• [Instructions for the task]
Output the entries below exactly, from the first line to the line holding "Norma Kamali LONG", both included.

• [Extracted material]
------

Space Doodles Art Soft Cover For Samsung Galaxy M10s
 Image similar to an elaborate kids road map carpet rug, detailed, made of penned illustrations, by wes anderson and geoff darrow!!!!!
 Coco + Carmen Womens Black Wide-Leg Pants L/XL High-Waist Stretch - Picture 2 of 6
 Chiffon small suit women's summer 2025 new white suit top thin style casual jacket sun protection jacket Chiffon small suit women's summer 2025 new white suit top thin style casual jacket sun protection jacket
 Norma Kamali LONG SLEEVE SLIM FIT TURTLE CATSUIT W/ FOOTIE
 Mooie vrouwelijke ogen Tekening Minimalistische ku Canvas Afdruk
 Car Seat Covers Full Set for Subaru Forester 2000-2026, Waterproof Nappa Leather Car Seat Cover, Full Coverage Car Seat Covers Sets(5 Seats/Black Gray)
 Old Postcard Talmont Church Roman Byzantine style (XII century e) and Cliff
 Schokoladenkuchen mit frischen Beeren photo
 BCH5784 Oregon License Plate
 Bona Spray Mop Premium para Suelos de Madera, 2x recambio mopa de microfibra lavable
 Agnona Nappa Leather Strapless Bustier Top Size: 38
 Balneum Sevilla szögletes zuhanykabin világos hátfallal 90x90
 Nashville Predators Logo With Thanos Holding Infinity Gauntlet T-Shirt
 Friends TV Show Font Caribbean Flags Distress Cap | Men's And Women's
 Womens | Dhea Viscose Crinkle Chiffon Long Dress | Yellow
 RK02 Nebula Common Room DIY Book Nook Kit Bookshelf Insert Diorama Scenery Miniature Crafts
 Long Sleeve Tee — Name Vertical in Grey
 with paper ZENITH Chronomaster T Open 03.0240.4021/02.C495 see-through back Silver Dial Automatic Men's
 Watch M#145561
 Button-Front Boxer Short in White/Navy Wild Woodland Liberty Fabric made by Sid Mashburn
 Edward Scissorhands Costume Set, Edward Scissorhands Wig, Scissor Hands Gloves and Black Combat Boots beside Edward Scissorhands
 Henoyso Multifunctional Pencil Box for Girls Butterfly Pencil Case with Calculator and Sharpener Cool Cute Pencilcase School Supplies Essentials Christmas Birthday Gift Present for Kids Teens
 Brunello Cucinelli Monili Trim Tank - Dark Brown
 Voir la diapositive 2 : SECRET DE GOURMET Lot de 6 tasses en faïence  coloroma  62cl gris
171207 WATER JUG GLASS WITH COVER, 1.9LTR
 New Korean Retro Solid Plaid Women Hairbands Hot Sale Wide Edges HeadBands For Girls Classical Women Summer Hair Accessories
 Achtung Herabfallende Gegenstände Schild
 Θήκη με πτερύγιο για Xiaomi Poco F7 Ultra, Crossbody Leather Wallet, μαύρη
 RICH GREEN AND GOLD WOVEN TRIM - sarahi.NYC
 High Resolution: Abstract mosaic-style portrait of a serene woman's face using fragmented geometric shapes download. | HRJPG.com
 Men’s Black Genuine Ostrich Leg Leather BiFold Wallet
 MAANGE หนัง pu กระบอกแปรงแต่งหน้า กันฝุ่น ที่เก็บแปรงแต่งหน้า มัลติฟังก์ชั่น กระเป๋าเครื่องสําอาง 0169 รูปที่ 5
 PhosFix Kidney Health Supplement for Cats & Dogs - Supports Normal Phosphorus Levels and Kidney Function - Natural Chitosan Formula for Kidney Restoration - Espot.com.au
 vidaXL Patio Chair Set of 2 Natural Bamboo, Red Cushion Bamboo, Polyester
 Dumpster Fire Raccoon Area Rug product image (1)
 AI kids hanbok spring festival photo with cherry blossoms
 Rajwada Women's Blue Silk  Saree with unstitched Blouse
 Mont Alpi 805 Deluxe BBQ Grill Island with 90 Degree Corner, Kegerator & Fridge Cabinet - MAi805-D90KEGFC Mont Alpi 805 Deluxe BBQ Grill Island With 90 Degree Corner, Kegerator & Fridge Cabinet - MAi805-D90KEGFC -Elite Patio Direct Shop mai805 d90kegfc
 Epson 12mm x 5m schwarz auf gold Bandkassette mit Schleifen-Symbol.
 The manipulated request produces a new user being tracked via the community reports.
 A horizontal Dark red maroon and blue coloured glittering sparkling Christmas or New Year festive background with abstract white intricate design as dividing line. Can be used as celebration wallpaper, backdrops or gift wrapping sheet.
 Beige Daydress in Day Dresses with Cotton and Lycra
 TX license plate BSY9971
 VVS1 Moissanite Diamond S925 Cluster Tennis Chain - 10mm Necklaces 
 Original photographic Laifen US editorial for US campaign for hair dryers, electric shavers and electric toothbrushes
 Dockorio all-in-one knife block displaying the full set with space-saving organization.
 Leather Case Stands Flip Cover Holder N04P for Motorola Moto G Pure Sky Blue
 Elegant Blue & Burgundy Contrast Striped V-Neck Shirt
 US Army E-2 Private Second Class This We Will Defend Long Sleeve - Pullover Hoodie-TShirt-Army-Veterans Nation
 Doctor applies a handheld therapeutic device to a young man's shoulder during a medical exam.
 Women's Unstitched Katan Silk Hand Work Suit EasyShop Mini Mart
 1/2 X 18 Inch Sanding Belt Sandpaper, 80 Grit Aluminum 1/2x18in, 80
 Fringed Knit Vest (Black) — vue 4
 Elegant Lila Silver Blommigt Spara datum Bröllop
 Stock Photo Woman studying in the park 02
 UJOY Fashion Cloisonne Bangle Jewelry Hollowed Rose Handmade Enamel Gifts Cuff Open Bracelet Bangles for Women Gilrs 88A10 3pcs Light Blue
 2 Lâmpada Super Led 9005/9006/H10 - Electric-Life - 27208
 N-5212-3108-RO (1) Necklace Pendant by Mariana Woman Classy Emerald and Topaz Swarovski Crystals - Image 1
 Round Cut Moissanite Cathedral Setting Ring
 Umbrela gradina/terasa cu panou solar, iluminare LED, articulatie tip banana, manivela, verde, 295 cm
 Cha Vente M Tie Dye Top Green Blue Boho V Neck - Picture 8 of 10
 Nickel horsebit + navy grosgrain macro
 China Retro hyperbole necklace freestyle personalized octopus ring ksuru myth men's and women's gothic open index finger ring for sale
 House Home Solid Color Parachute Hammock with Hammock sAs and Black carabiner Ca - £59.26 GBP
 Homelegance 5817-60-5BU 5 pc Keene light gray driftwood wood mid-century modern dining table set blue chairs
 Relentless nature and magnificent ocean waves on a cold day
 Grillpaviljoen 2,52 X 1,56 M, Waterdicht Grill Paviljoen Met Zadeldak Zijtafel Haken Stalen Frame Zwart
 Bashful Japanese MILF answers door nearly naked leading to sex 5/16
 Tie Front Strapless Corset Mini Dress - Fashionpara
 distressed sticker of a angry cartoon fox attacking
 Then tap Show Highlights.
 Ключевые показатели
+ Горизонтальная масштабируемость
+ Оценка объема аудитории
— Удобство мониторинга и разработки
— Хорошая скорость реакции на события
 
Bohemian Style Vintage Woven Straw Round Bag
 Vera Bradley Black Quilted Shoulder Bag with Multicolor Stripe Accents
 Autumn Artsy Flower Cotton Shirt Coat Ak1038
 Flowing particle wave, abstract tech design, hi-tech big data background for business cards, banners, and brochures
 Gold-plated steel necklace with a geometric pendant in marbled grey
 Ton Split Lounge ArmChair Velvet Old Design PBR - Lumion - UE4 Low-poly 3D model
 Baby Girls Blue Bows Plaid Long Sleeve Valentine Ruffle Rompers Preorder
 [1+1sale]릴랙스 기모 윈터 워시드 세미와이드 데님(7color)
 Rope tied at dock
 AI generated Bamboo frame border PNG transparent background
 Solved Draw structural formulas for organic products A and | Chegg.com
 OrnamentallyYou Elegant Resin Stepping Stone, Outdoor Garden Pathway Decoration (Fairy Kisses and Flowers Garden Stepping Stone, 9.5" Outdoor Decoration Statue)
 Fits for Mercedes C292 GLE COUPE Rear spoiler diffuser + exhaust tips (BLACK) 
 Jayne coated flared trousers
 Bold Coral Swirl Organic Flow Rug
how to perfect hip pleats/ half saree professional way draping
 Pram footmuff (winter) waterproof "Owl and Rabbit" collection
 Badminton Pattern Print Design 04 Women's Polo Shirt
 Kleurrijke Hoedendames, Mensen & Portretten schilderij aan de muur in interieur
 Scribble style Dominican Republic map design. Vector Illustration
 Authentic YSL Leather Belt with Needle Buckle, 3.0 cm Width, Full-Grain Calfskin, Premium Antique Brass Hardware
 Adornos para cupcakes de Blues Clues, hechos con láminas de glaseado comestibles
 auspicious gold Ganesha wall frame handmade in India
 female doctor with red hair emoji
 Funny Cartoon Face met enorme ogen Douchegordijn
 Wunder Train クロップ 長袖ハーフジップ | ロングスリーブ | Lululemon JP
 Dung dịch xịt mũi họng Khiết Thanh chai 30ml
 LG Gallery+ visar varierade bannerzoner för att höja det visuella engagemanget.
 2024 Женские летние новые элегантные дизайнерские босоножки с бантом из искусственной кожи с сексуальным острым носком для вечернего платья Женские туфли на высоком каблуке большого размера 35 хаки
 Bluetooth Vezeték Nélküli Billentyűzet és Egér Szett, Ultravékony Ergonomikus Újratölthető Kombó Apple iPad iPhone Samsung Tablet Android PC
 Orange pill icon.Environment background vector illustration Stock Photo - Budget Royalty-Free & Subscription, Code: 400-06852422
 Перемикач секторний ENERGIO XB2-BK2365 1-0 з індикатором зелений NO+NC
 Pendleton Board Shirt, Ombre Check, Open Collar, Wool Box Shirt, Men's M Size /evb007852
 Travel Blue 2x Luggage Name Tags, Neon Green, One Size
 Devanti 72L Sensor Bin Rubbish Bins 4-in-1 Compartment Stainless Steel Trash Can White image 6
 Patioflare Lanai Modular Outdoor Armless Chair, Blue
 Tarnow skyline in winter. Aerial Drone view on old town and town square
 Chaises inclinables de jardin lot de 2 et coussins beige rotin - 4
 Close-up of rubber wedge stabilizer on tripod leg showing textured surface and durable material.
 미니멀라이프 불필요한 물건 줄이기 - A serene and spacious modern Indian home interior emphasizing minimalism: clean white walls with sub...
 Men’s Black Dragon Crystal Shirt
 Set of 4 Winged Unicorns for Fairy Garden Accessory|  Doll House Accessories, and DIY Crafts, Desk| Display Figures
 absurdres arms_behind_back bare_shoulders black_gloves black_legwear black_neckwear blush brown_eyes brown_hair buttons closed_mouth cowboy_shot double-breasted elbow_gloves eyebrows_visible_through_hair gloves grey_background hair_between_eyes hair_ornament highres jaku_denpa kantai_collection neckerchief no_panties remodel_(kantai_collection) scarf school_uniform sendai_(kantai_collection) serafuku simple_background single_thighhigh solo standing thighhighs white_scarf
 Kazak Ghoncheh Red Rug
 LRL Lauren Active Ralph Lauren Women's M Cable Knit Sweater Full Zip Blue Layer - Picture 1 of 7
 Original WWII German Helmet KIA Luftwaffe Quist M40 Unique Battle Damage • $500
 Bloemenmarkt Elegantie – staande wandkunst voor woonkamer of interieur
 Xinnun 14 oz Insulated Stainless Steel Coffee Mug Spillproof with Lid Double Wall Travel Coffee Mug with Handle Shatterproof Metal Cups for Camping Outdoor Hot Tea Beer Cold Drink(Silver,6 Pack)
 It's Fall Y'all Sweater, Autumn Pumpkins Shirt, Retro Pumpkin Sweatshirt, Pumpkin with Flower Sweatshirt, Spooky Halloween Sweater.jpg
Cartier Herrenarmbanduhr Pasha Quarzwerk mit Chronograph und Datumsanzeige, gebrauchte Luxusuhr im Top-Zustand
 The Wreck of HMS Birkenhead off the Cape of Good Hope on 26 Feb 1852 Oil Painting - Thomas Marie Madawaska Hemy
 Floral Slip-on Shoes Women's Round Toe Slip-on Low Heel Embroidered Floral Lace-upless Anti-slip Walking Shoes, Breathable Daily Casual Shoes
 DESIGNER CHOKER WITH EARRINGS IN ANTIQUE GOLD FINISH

------

• [Your solution]
Space Doodles Art Soft Cover For Samsung Galaxy M10s
 Image similar to an elaborate kids road map carpet rug, detailed, made of penned illustrations, by wes anderson and geoff darrow!!!!!
 Coco + Carmen Womens Black Wide-Leg Pants L/XL High-Waist Stretch - Picture 2 of 6
 Chiffon small suit women's summer 2025 new white suit top thin style casual jacket sun protection jacket Chiffon small suit women's summer 2025 new white suit top thin style casual jacket sun protection jacket
 Norma Kamali LONG SLEEVE SLIM FIT TURTLE CATSUIT W/ FOOTIE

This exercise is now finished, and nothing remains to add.